Breast cancer recurrence

Also known as: malignant breast tumour, early-stage breast cancer, advanced breast cancer


Breast cancer recurrence often happens due to a malignant tumour that starts in the cells of the breast tissue. 

What is breast cancer recurrence?

Sometimes breast cancer can recur, or come back, in the same breast or spread elsewhere in the body. 

Cancer cells from the primary tumour may remain in the body after treatment is complete. 

They can sometimes be undetected in the body for some time and begin growing weeks, months or even years later. 

When they start causing symptoms, this is called breast cancer recurrence.

Types of breast cancer recurrence 

Women generally develop one out of three types of breast cancer recurrence:

Local breast cancer recurrence

This is when cancer develops in the same place as the primary tumour.Local recurrence can occur after breast-conserving surgery and, in rare cases, it can still come back following a radical mastectomy.

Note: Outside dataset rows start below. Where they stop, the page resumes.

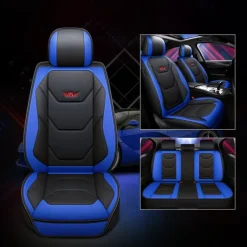 5 Seat Full Set Luxury Universal 5D PU Leather Front Car Seat Cover, Waterproof, Breathable Seat Protector Mat
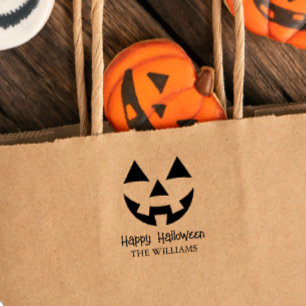 JACK O LANTERN HAPPY HALLOWEEN FAMILIENAAM ZELFINKTENDE STEMPEL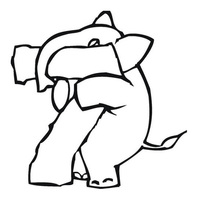 Desenho de Número 7 com elefante para colorir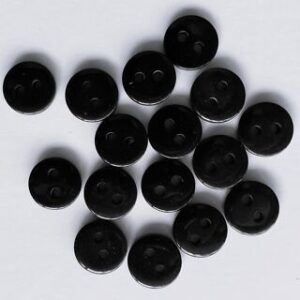 10 x 9mm Black Resin Buttons 2 Holes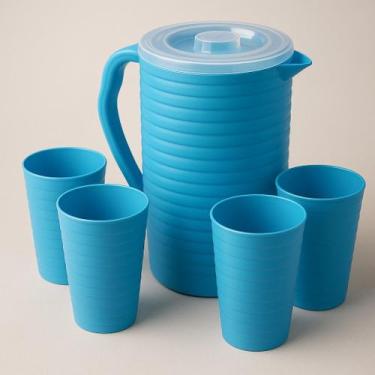 Imagem de Jarra 2L e 4 Copos 350ml Coloridos Kit Suco Água Plástico - Revenda, A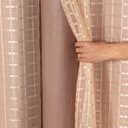 Ver imagem 1 de Cortina Blackout PVC com Tecido Voil xadrez 2,80 M x 2,30 M Avelã
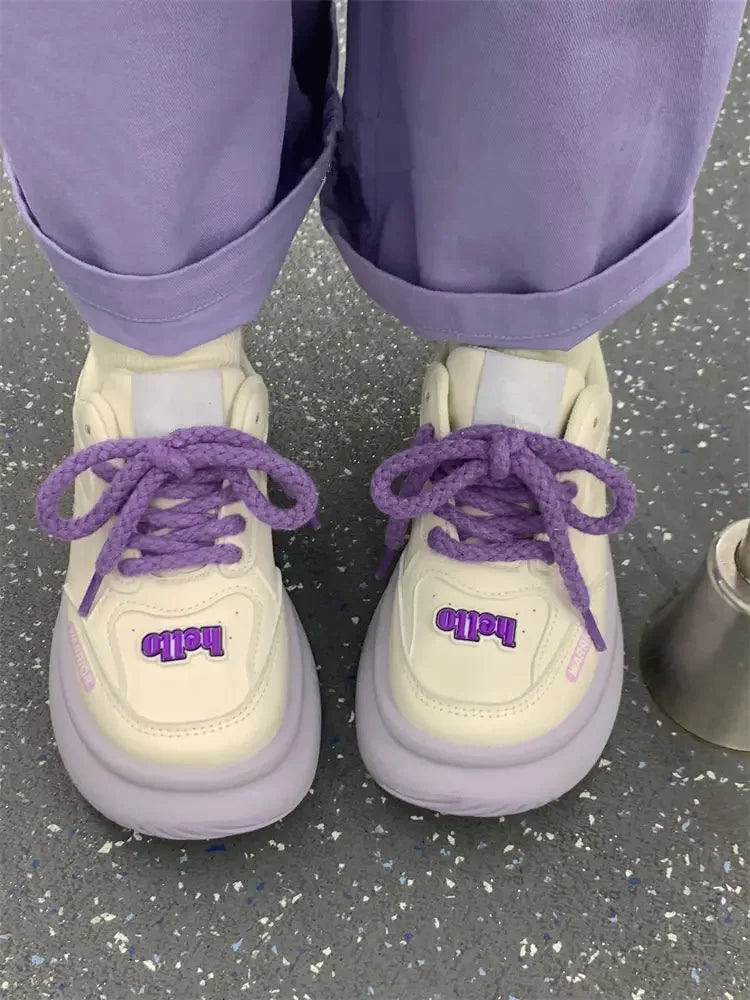 Aiertu Women Sneakers Purple Platform Sports Shoes Skateboard Tennis Female Flat Casual Vulcanize Kawaii Korean Spring Summer Footwear Aiertu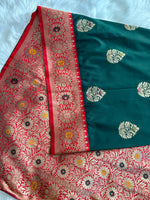 Load image into Gallery viewer, Banarasi Semi Silk Saree - Green
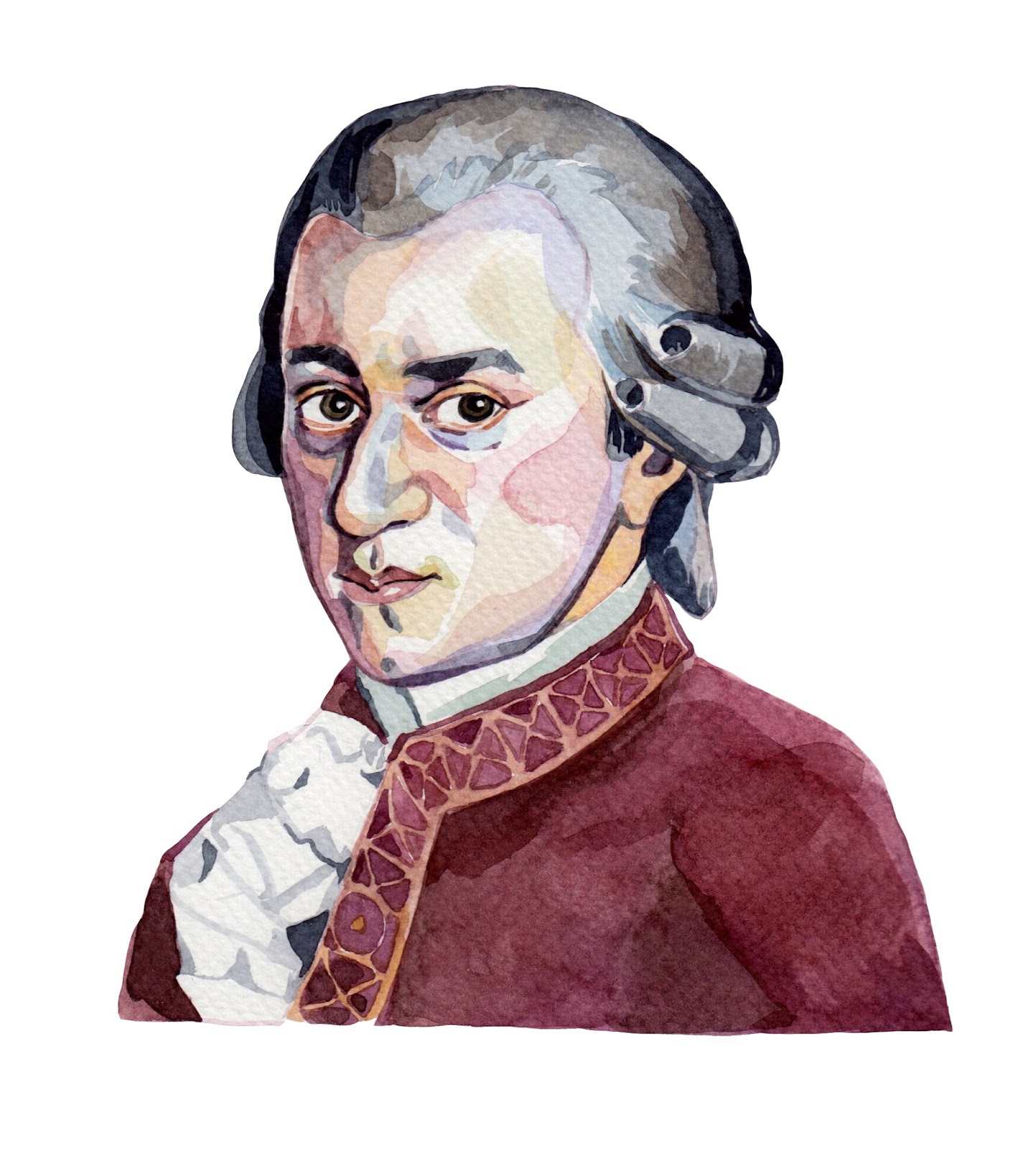 1443x1600 Watercolour Illustrations - Mozart Watercolor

Regional breast cancer recurrence

This occurs in the chest, either in the pectoral muscles or in the nearby lymph nodes. The cancer cells are found under the breastbone, above the collarbone, and the neck. 

This is the rarest type of breast cancer recurrence making up for only around 2% of cases.

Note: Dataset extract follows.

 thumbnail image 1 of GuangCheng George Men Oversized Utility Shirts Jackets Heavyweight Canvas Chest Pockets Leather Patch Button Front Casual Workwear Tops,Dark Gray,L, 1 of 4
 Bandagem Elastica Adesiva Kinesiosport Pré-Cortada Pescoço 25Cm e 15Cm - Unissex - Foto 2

Distant breast cancer recurrence

This occurs when the original cancer cells have spread to other parts of the body. This is also known as metastasis - it means that the cancer cells have gone beyond the breast and local lymph nodes.

The most common place for distant recurrence of breast cancer is the bone, which happens in 25% of cases. 

Other common sites include the liver, lungs and, less commonly, the brain. The cells that make up the recurrent breast cancer are the same type as the primary tumour.

If a new, unrelated tumour forms in the same breast, or the other breast, this is not classed as breast cancer recurrence. It is treated as a new primary tumour.

How is breast cancer recurrence diagnosed?

Although you will receive regular check-ups after your first treatment with follow-up mammograms, remaining breast aware is crucial. 

Many cases of breast cancer recurrence are first discovered by you. For example:

Symptoms of local breast cancer recurrence are similar to those of the primary tumour

You may notice a lump or thickening in your breast or changes to the skin or nipple. If you had a mastectomy previously, you may notice a lump or thickening on the chest wall or along your mastectomy scar. If you have any of these symptoms, your doctor will again use the triple assessment- examination, mammogram or ultrasound and biopsy.

Regional breast cancer recurrence can cause a lump or swelling in the lymph nodes

They are found in your underarms, neck, above your collarbone or around your breastbone. You may also experience pain, difficulty breathing or swallowing if the recurrence develops in your lungs or food pipe (oesophagus). If you have these symptoms, a physical examination, CT or MRI scan and biopsy will be able to give you a full diagnosis.

Distant breast cancer recurrence can cause a wide range of symptoms depending on the location of the secondary tumour

These range from bone pain, breathing difficulties and abdominal tenderness, to jaundice, headaches and seizures. The symptoms of distant recurrence are similar to those of advanced, secondary or metastatic breast cancer. Full body scans such as MRI or PET scans may be used to locate distant recurrence of breast cancer.

Am I at risk of breast cancer recurrence?

You are more at risk of developing breast cancer recurrence if you previously have had:

  • Lymph node involvement
  • A large tumour, greater than 5cm or 2 inches
  • Inflammatory breast cancer
  • Histology reports showing that small or no margins of healthy tissue were removed with the primary tumour
  • No follow-up radiation after lumpectomy
  • First diagnosis at a young age, as the highest risk is seen in women who are younger than 35 when their first breast cancer develops

A diagnosis of breast cancer recurrence can be more worrying than your initial diagnosis. 

It may be helpful to discuss your feelings with your loved ones, your breast cancer care team or a support group. 

Your breast care team, specialist nurses and counsellors will be able to offer advice and support when you need it the most.